[Opening RECORDS section]

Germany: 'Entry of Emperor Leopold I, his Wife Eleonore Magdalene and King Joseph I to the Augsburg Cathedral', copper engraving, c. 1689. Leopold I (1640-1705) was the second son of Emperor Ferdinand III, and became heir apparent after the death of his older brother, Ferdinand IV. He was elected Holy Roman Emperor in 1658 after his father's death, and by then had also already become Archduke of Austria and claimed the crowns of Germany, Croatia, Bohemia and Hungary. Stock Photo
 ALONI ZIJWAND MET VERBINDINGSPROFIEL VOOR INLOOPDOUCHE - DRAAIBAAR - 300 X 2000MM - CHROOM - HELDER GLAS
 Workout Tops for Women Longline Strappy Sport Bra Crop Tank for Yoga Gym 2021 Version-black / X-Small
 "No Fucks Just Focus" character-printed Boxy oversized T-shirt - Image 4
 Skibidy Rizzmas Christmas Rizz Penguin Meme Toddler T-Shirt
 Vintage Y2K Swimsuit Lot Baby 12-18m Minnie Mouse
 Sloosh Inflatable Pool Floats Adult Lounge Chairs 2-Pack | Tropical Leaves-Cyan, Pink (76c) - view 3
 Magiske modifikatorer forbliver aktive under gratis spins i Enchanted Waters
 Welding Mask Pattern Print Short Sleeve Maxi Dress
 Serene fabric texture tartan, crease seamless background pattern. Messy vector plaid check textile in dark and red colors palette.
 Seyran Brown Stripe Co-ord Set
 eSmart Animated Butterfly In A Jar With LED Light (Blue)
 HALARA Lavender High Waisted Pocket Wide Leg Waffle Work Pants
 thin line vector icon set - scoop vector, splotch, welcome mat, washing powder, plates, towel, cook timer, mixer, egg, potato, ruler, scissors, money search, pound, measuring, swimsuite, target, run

[Closing RECORDS section]

TO DO:
Print all the data above word for word.

RESULT FOR THIS EXERCISE:
Germany: 'Entry of Emperor Leopold I, his Wife Eleonore Magdalene and King Joseph I to the Augsburg Cathedral', copper engraving, c. 1689. Leopold I (1640-1705) was the second son of Emperor Ferdinand III, and became heir apparent after the death of his older brother, Ferdinand IV. He was elected Holy Roman Emperor in 1658 after his father's death, and by then had also already become Archduke of Austria and claimed the crowns of Germany, Croatia, Bohemia and Hungary. Stock Photo
 ALONI ZIJWAND MET VERBINDINGSPROFIEL VOOR INLOOPDOUCHE - DRAAIBAAR - 300 X 2000MM - CHROOM - HELDER GLAS
 Workout Tops for Women Longline Strappy Sport Bra Crop Tank for Yoga Gym 2021 Version-black / X-Small
 "No Fucks Just Focus" character-printed Boxy oversized T-shirt - Image 4
 Skibidy Rizzmas Christmas Rizz Penguin Meme Toddler T-Shirt
 Vintage Y2K Swimsuit Lot Baby 12-18m Minnie Mouse
 Sloosh Inflatable Pool Floats Adult Lounge Chairs 2-Pack | Tropical Leaves-Cyan, Pink (76c) - view 3
 Magiske modifikatorer forbliver aktive under gratis spins i Enchanted Waters
 Welding Mask Pattern Print Short Sleeve Maxi Dress
 Serene fabric texture tartan, crease seamless background pattern. Messy vector plaid check textile in dark and red colors palette.
 Seyran Brown Stripe Co-ord Set
 eSmart Animated Butterfly In A Jar With LED Light (Blue)
 HALARA Lavender High Waisted Pocket Wide Leg Waffle Work Pants
 thin line vector icon set - scoop vector, splotch, welcome mat, washing powder, plates, towel, cook timer, mixer, egg, potato, ruler, scissors, money search, pound, measuring, swimsuite, target, run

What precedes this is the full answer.